La saison-anniversaire du Théâtre Jean-Duceppe allait pourtant bon train. Avec la Vénus au vison à l'automne et L'esprit de famille, présentée en début d'année, Duceppe a frappé deux bons coups.

Malheureusement, la pièce Sunderland met fin à cette courte série victorieuse.

La pièce du Français Clément Kock, mise en scène par Serge Postigo, est généralement ennuyeuse. Le texte est moralisant, la distribution inégale, le jeu caricatural, l'intrigue prévisible.

L'action se passe dans la petite ville côtière de Sunderland, en Angleterre. Dans ce cadre typiquement english, Postigo a décidé que ses personnages issus de la classe ouvrière nous parleraient dans un joual appuyé.

Tous sauf un: une Française nommée Ruby, qui gagne sa vie en faisant des appels érotiques.

On a beau nous expliquer que cette Ruby, interprétée par Karine Belly (qui vit chez Sally), est française, rien n'y fait. Son accent pointu et ses expressions françaises ne collent pas à l'univers de ces «Anglais» de la marge.
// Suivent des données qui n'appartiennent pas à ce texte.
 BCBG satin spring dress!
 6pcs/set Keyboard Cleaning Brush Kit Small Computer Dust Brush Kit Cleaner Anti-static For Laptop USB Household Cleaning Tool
Sally Mawln est une jeune femme seule, qui s'occupe, tant bien que mal, de sa soeur handicapée Jill, qui souffre d'«une forme d'autisme». Mais voilà, Sally en arrache depuis que l'usine où elle travaillait a fermé ses portes.

Toute l'intrigue repose sur le fait que si Sally ne trouve pas un emploi, elle perdra la garde de sa soeur, qui sera placée dans un centre d'accueil.

Le jeu de Catherine-Anne Toupin dans le rôle de Sally est caricatural. Non seulement la comédienne se répand dans ses sentiments pour sa soeur et son amie Ruby, mais elle joue l'étonnement les yeux exorbités, la colère avec le poing en l'air.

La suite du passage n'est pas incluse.